Miały być niespodzianki? Obiecywaliśmy? I są!!! Robert i Marcin doczyścili dwa dni temu jedną z armat i okazało się, że na jej początku – czyli z tej strony, gdzie odpalało się lont, są jakieś znaki. Dokładniejsze czyszczenie pędzelkiem i drobiazgowa inspekcja pozwoliły… odczytać datę! 1762! Czyli działo ma 250 lat! Ile lat ma sam okręt, nie wiadomo – mogły trafić na niego stare działa, z innej jednostki – wtedy jest młodszy niż 250 lat, ale równie dobrze mogł stary okręt przejść renowacje i dostać nowe działa – wtedy zbudowany byłby przed tym 1762.
Na razie ani na tym żeliwnym dziale, ani na kilku innych, które zaczęliśmy doczyszczać nie ma żadnych więcej znaków – ani herbów, ani podpisu fundatora, ani numeru partii, którą często wpisywał ludwisarz. Mamy jednak nadzieje, że z czasem uda się jeszcze wiecej takich podpowiedzi odnaleźć. To, co może nam bardzo pomóc w identyfikacji tego wraku, choć to raczej zabawa na długie zimowe wieczory, niż tropikalne noce na Banana Island, to porównanie dokładnych wymiarów działa (ma 260 cm) i rysunku „żeberek”, wzmocnień, które znajdują się na lufie – z zapisami z europejskich archiwów. Te wszystkie elementy są bowiem na tyle charakterystyczne, że jest spora szansa, iż dojdziemy do tego, kto był producentem działa. Mając zaś jego nazwisko i datę, może uda się przeszukać spis jego klientów i ustalić komu sprzedał partię odlaną w 1762 r. Królowi? Handlarzowi niewolników? A może piratom?

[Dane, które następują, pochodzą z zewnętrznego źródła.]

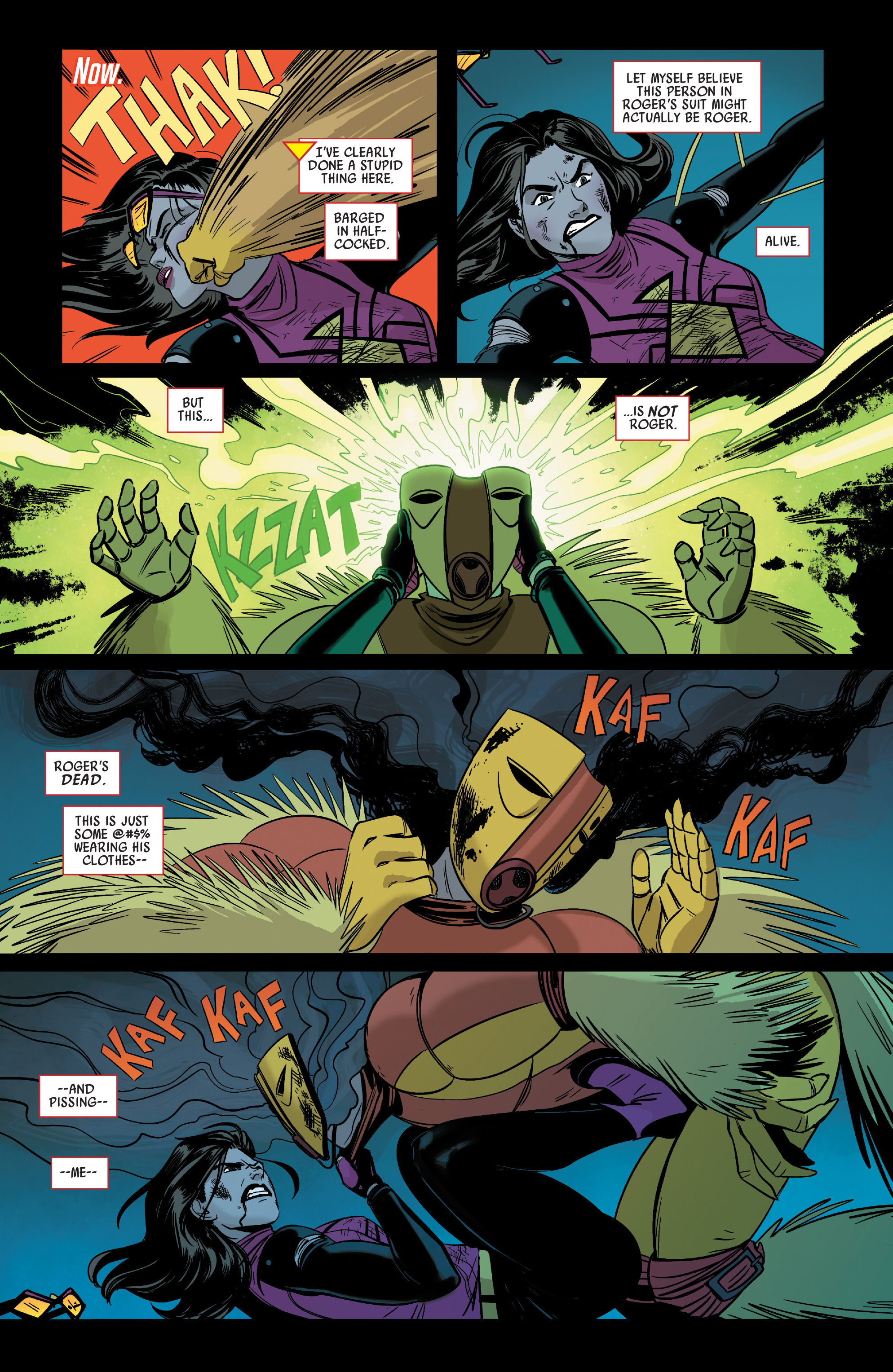 Read online Spider-Woman (2016) comic -  Issue #15 - 6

Wczoraj po uruchomieniu sprężarki z nowym, spalinowym, silnikiem nabiliśmy butle i popłynęliśmy szukać dodatkowych informacji o pochodzeniu wraku. Niestety pogoda odwróciła się do nas – mówiąc najbardzie dyplomatycznie – plecami! Widoczność w wodzie z 5-10 metrów spadła do dwóch! Byliśmy jak w rozwodnionym mleku. Paskudne warunki do fotografii. A w dodatku z uwagi na zmianę pływów, prąd był taki, że co chwila w przyboju robiliśmy skoki – dwa metry w przód i jeden w tył. I znowu w przód… i gdzie mój partner? Utrzymanie się w jednym miejscu kosztowało bardzo dużo wysiłku. I pomysłowości Piotrek obejmował nogami działo, Marcin wklinował nogę pod kotwicę, Robert schował się przed „wiatrem” między inną kotwicą i kolejnym działem, a Romek dociążał się, co chwila do swojego jacketu dorzucając podniesiony z dna kamień.